One of the side-events of the Open Government Data Camp, last week, was an Organisational Identifiers Workshop put together by Tim Davies and Chris Taggart. The meeting discussed the various challenges in linking information about organisations held in separate data sets. Although participants were careful to avoid the word “ontology“, one of the break-out groups did look at describing relations between organisations. Since I graduated on research into “part-of” relations in an ontology, and what you can infer from them, I joined that discussion. Here’s what we came up with.
The workshop was a good chance to catch up with where things are right now, with several organisations at the table and participating online that have to deal with information about organisations:
- The IATI standard needs organisational identifiers to refer to individual donors and recipients of grant money and payments. IATI does not want to provide this standard, but rely on an external one. They will need some way to represent up to the level of government departments as part of an upcoming pilot project, to capture intended donor flows in a meaningful way.
- The Open Corporates website, and its companion the Open Charities website, capture information about organisations, but also lack a common identifier scheme, as well as ways to describe relations between organisational entities (especially the complicated relations between companies).
- Within the open government data movement, and the Open Knowledge Foundation, there is a need to represent organisational units such as departments, and be able to deal with renaming and reorganisation of such units over time.
- The Sunlight Foundation is dealing with for instance DUNS numbers, which often are too detailed for the purpose of identifying a larger organisation (every outlet of a supermarket chain will have its own number).
- GlobalGiving, OpenSpending and IATI are looking into decentralised registrars, but each registar basically expresses a different type of relation between a legal or organisational entity and a purpose, such as tax registration or legal entity.
- Everyone faced a difficulty of dealing with entities which cannot register as such (e.g. informal associations), and so are not in any registrar’s database.
- To end this list, many people will talk about a known brand as if it is a company, and would expect to access information that way, but even these have no single register.
How to create identifiers for organisations across the world, which might not be registered anywhere, and which relate to each other and to more generic concepts, in such a way that we can capture all the meaningful relations and data we want to capture?
How to make sure it works with the schemas already in use in big organisations? And that it works with data stores that are not open? Without introducing another naming authority?
- You should be able to determine an ID without requesting it from anyone.
- You should be able to resolve it to commonly known registrars.
- You should know where to find the list of those registrars.
- You should be able to represent the granularity (aggregating detailed levels of information, allowing for splitting up individual entities into smaller ones)
- Who decides what is a good registrar?
We split up in a couple of groups, one looking at identifying public bodies, another at the technical architecture that might be needed, and a third at common terms to describe relations between organisational entities. I joined that third group.

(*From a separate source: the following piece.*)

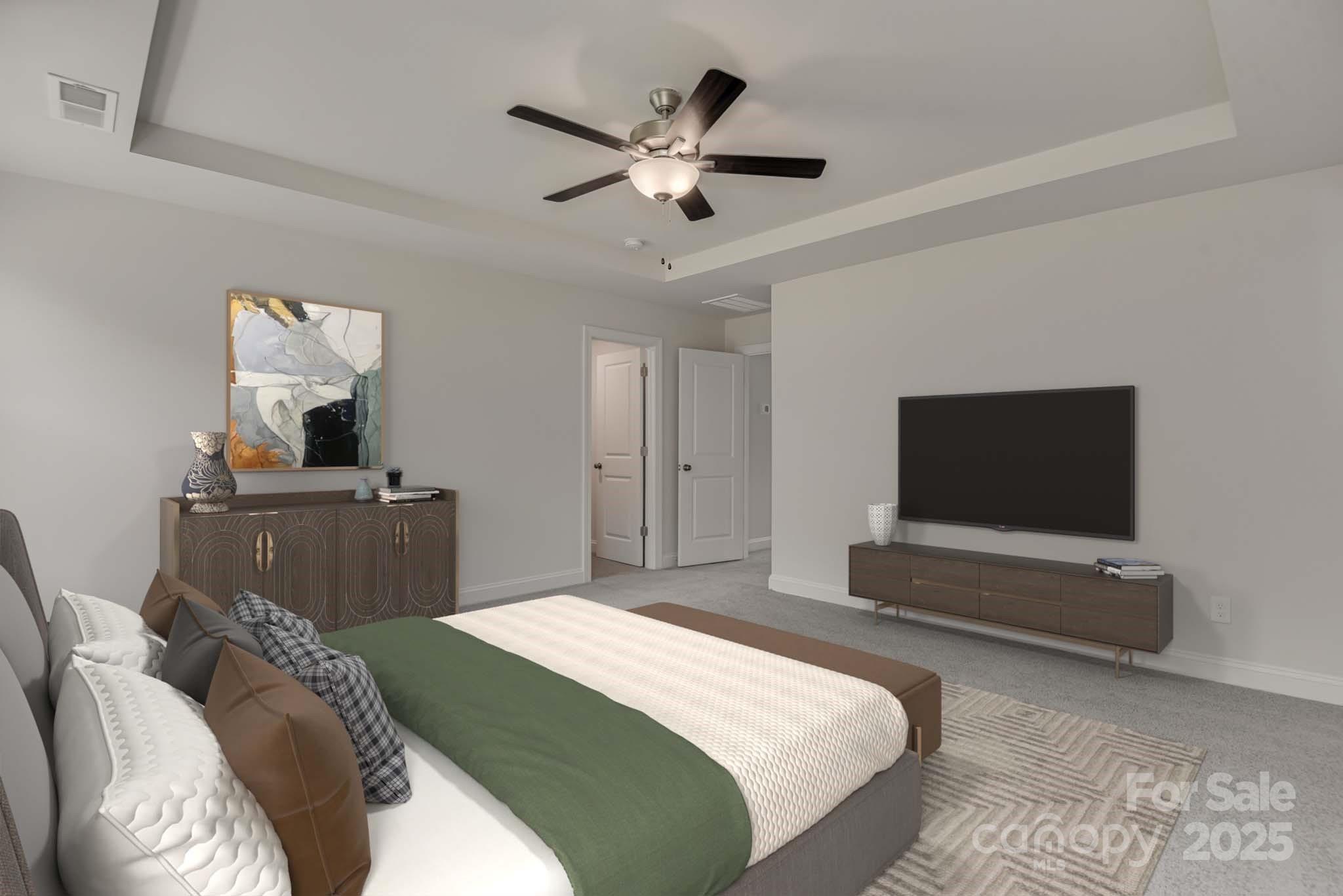 327 Alameda Way Matthews, NC 28104 - Photo 5 of 31 a bedroom with a bed and a flat screen tv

We spent some time discussing various types of relations, and I also looked around to find possible candidate schemes, but without much luck. I couldn’t find an obvious example, like the FOAF standard for personal relations. A few standards, like OrgPedia, or the Organizational Ontology, seem likely candidates, but don’t cover this area (yet?).
We looked at some use cases:
- A company wants to show their supply chain, to demonstrate that their suppliers are ok, or perhaps to “crowd-source” the question whether they are: “these are our suppliers, if you think they’re not ok, let us know”.
- A campaigning organisation wants to express what they know about organisational ties, to support their arguments on why the ties should be broken.
- A reporting entity wants to express their donation relations, for instance to a government department, and be able to deal with changes due to reorganisation.
- A watch-dog organisation wants to express that a certain company has changed names or merged or split operations, but still remains to pursue the same activities.
- A consumer wants to find out what a certain company has done, but basically only knows that company through a name or brand, without knowing the exact structure behind it.
We acknowledged additional cases, like finding influential relations between corporate or organisational entities based on board membership or roles of individuals, but decided not to take that on in this discussion.
We came up with a first-version typology of relations. The naming and exact semantics will need further review.
These are relations between entities that have a “permanent” and “structural” character. Of course, all these relations are bound in time, but the beginning and end points may not be known.
We distinguished two sub categories.
- Organisational relations express membership, ownership, or hierarchy.
- “is member of” (an association, group, cabal); “is affiliated to”; “is organisational unit of” (department, location); “is shareholder of”; “is owner of”
- Contractual relations express transactions between entities. For instance, a relation “donates to” would express a sizable or structural donation from one entity to another. In the IATI standard, this would mean there should be (one, but probably more) “activities” records or “transactions” records.
- “has contract with” with eg. subcategories “owes money to” (long-term debts, mortgages), “is supplier to”, and “licenses to”; “in legal conflict with”; “donates to”
(This typology still fails to capture something like a brand as abstract entity.)
These are relations that express a change in the structure or responsibilities of some entities, often the beginning or the end of particular entities. We identified four basic types:
- Split into: A splits into B, C, … A ceases to exist, B, C, … come into existence.
- Spin-off off: A creates B as a separate entity
- Merger: A, B, … merge into C. A, B, … cease to exist, C comes into existence.
- Acquisition: A acquires B and moves B’s assets into A. B ceases to exist.
More work is needed to mold this into a useful standard (relations are currently described from the perspective of one end, there is still plenty of room for interpretation, things have not been tested on real-life examples described as use cases, and so on).
And, of course, we’d need those organisational identifiers to refer to other entities, and find ways to delegate resolving identifiers to services that can provide additional information on those identities. See the whole report of the workshop on the OGDCamp wiki for the results in the other discussions as well.
But thinking about and discussing relations between those entities brought back memories of all the fun in making machines infer and report unknown relations 🙂